Katral TN and TNM Android.

            The Katral TN-series are a relatively common mannequin-type android. Facial features are basic, just eyes and a speaker grill. TNs are five feet and four inches tall, a design feature intended to make them less intimidating and also save materials and reduce cost.

            TNs are typically used for tasks that favour a human body form but do not require extensive social interaction with humans. TNs can use tools and devices originally designed for humans so are popular in the older factories and workshops of the Third and Fourth Wave. They are also used in some Fifth Wave factories but in daily life one is most likely to encounter a TN being used for janitorial or cleaning duties.

            A significant variant of the TN-series are the TNM military models. As might be expected, military models are more robust and include a greater number of  back-up or auxiliary systems. Their outer integument is resistant to light weapons such as bullets and fragments. A TNM is larger than a TN, being six feet tall. Typically TNMs are painted in a military colour or pattern. Models working in certain conditions such as aircraft hangers will be painted in high-visibility colour schemes.

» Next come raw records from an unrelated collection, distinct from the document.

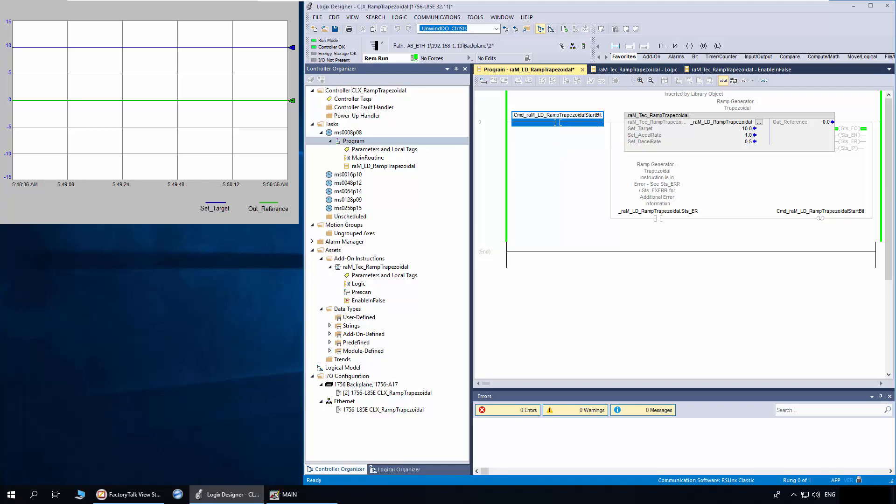Accelerate and decelerate can be dynamically changed while out reference is ramping. This instruction is continuously executed. When rung condition is set to false, the out reference will decelerate to zero.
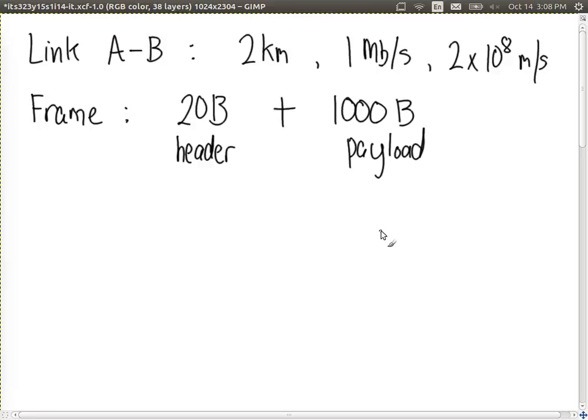Given that information, draw the picture and label the times of when we start transmission, when we finish transmission, and when B receives the entire frame — at least three numbers labelled on the picture. You'll need to calculate transmission delay and propagation delay. We'll assume no processing delay for now, so only transmission and propagation.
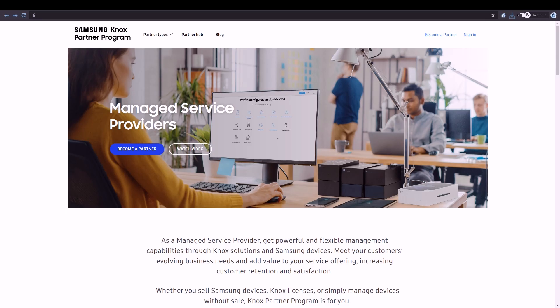As an official Samsung Knox Managed Service Provider, or MSP, you can easily manage your customer's Enterprise Edition devices from a single easy-to-use console.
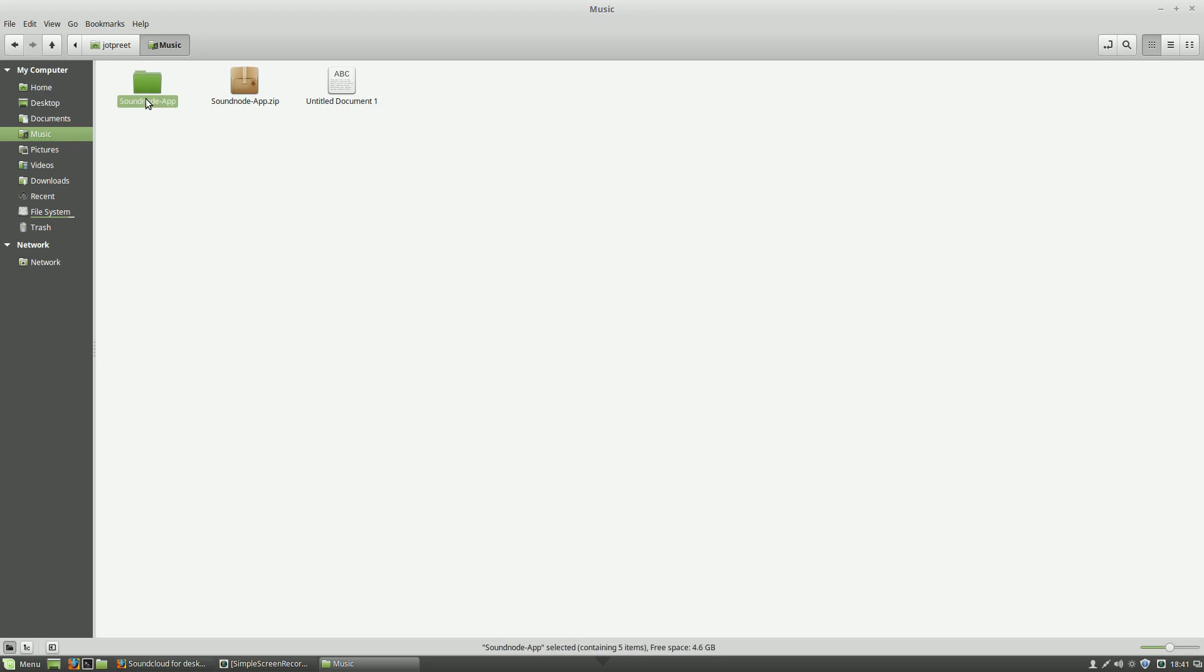Soundnode-app. Open it up and these are the things you will see and the one you need is soundnode-app. And this is all you need.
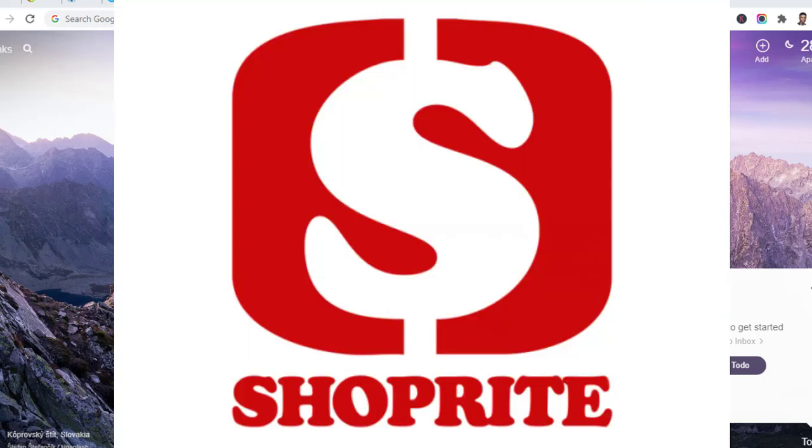Now you know a company in Nigeria called Shoprite. Shoprite is, or it was, a South African supermarket that was dominating Nigeria's market in terms of grocery and supermarket business. It was one of the biggest supermarkets in Nigeria.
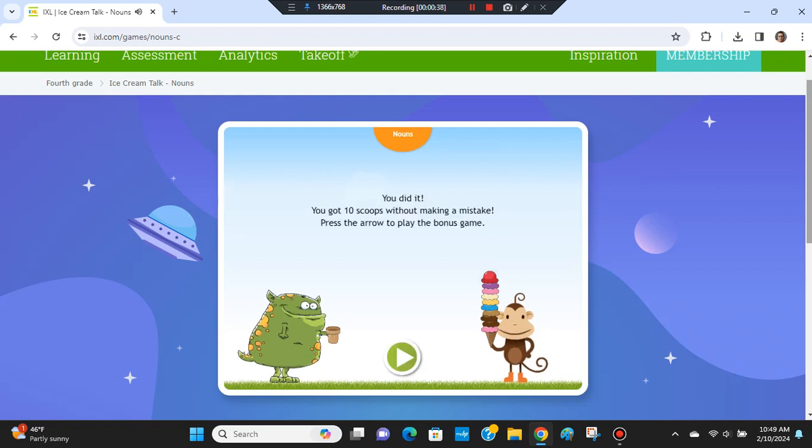You did it! You got ten scoops without making a mistake. Press the arrow to play the bonus game.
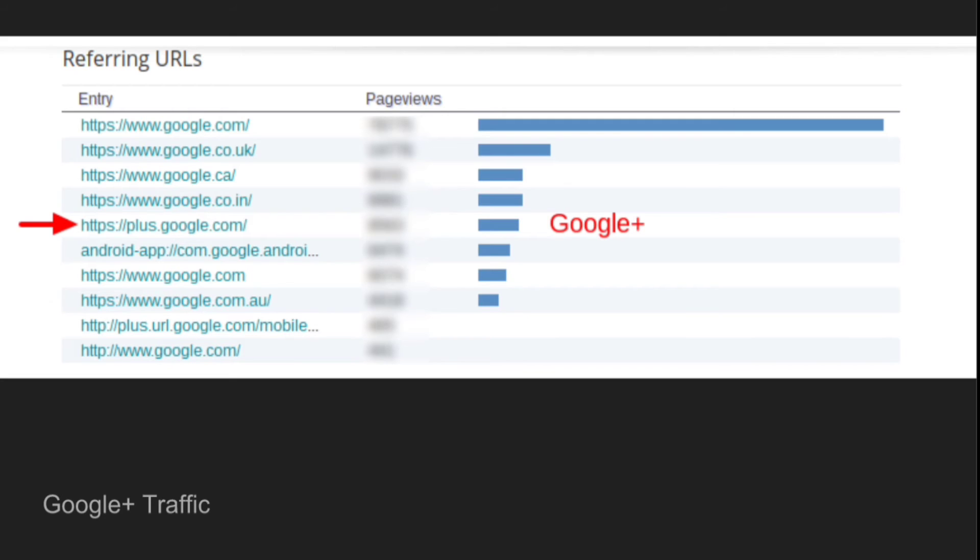Websites that generated traffic to your blog are listed by URL. Google Plus, for example, is listed as plus.google.com and also plus.url.google.com.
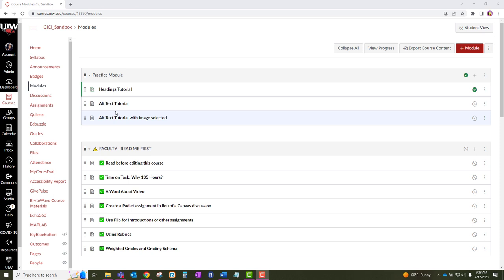Alternative text describes the appearance of an image that you have on your Canvas pages, discussions, assignments, or quizzes. A short description is provided when you click or hover over an image. By using alt text, everyone can view your content, especially students who use screen readers.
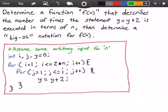Hey guys, welcome to this video on algorithm analysis. In this video we want to determine a function f(n) that describes the number of times the statement y = y + 2 is executed in terms of n, then we're going to determine a Big O notation for the function f(n). Below in the red rectangle I have some pseudo code that we're going to use for this problem.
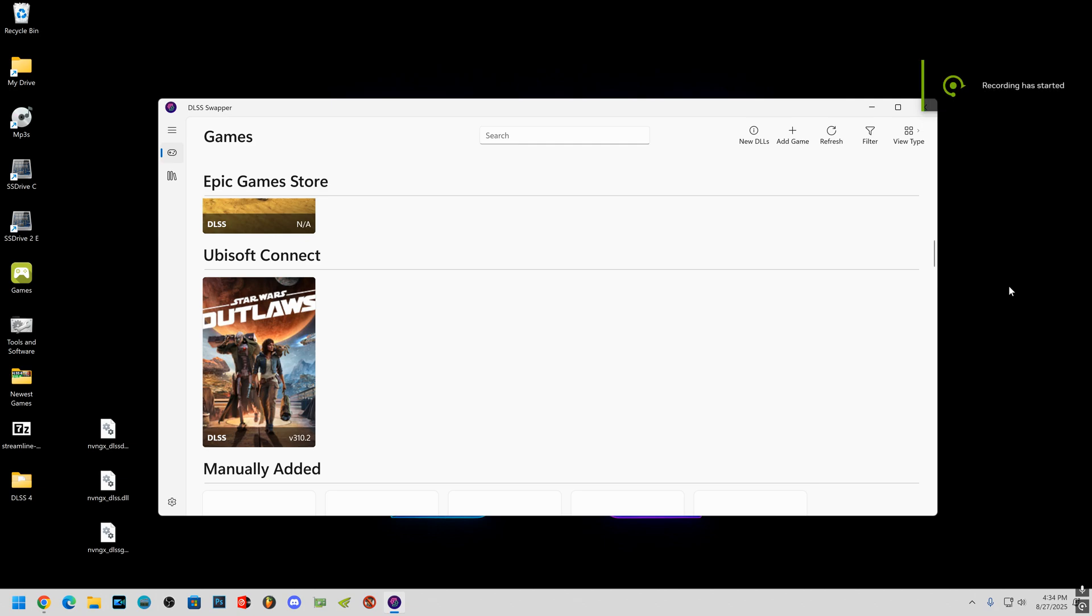Hey guys, welcome back. Look, I'm going to show you how to add those new DLSS 3.10.4 files to your DLSS swapper if you use it.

            TNMs (aka “tinmen” or “tin soldiers”) are primarily used for the everyday routine tasks around a military installation. If fielded in a combat unit their primary role tends to be carrying stores and reloading artillery or combat RATS. TNMs can be used as combat systems, however. They can use any tool or weapon designed to be used by a human soldier. If required they can wear camouflaged clothing, webbing and body-armour designed for baseline humans. During an emergency at a military installation armed TNMs are often the first units on the scene since instructing them to arm themselves is often quicker than bringing more sophisticated RATS in storage online.

Tirelli Kumo-607 RATS

           “A conventional tank takes a couple of seconds to roll out of cover, fire and then roll back again. You can use that to your advantage. The Kuros, however…They pop out, fire and are gone again before you know it. And they can hide in a lot of places a tank cannot!”

           “The spider was firing down the street. Shaka came out the doorway with a satchel charge, intending to hook it on. He hadn’t known they have eyes in the back of their heads. A leg lashed out and hit him soundly in the chest, lifting him off his feet. The foot stuck there for a moment, then a second kick sent him flying as the claws retracted. The machine never even paused from firing down the street.”
 

           RATS (Robot Armoured Tactical Systems) come in many shapes and sizes. The Tirelli Kumo-607 may be considered to be a typical example of a hexapod model. Its performance and flexibility has led to wide scale usage and a number of copies.

            The Kumo-607 is about the size of a mule or large dog. The body of the Kumo is a small platform on the edge of which six limbs are mounted. The underside of the body is shaped to deflect mine blasts. Each limb ends in a polymer coated “hoof”. Each hoof has retractable claws that can be used for digging, climbing, fighting or as crampons. Each limb is also provided with a retractable waldo that allows the limb to function as an arm and manipulate items such as keypads or door handles. Limbs also have video pickups, allowing the Kumo to look over walls or around corners without exposing itself. A submerged Kumo will use one limb as a periscope.

            The “head” of the Kumo resembles a turret mounted in the centre of the platform. Forward for the Kumo is whatever direction its weapons happen to be pointing. Multiple video pickups give the Kumo all-around vision. The turret has an assortment of mounting points for a variety of weapons. Typically a Kumo mounts a 7.5mm MG or a 10mm Emag. Police models may mount shorter-ranged or less-lethal weapons. The gun armament of the Kumo is supplemented by a number of launch tubes of varying calibres. Typically two large-calibre anti-tank/assault launchers are supplemented by various 30mm or 40mm weapons. Kumos may also carry swarmbots and minibots for reconnaissance, defence and repairs.

            The Kumo has a number of different “gaits”. Typically it moves like a spider, with its legs spread out for maximum stability. If a passage is narrow it moves somewhat like a grasshopper, with some legs forward and some to the rear. It may employ a straight-legged high stance when wading, moving through tall grass or in minefields. Alternately it may also move close to the ground in a “crawl”. A Kumo may use its legs to brace itself between two walls and move upwards or downwards. If a Kumo needs to engage in close combat it will move like a mantis or crab, moving on four legs and striking out with the other two. The retractable claws might be deployed in such actions.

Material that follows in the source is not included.